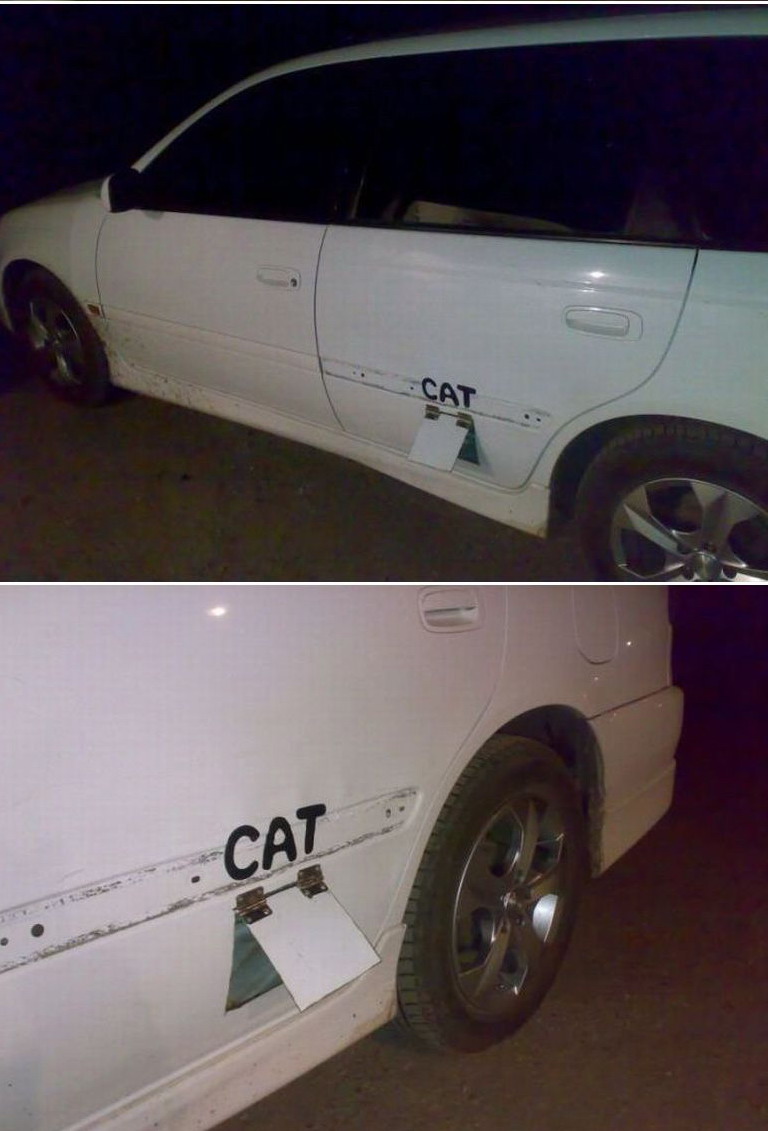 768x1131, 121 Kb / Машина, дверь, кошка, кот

* * *

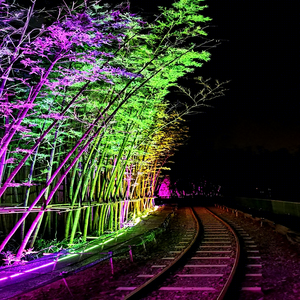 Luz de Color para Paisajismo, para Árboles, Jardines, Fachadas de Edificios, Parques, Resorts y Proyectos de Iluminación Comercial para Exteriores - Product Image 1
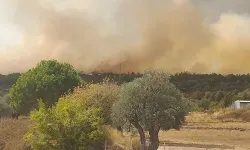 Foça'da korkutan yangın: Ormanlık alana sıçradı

> YOUR ASSIGNMENT
Although the records above contain pictures, the copy must not; set down exactly the lines from the one with "Luz de Color" up to and including the one with "Foça'da korkutan yangın: Ormanlık".

> RESPONSE TO THE TASK
 Luz de Color para Paisajismo, para Árboles, Jardines, Fachadas de Edificios, Parques, Resorts y Proyectos de Iluminación Comercial para Exteriores - Product Image 1
 Foça'da korkutan yangın: Ormanlık alana sıçradı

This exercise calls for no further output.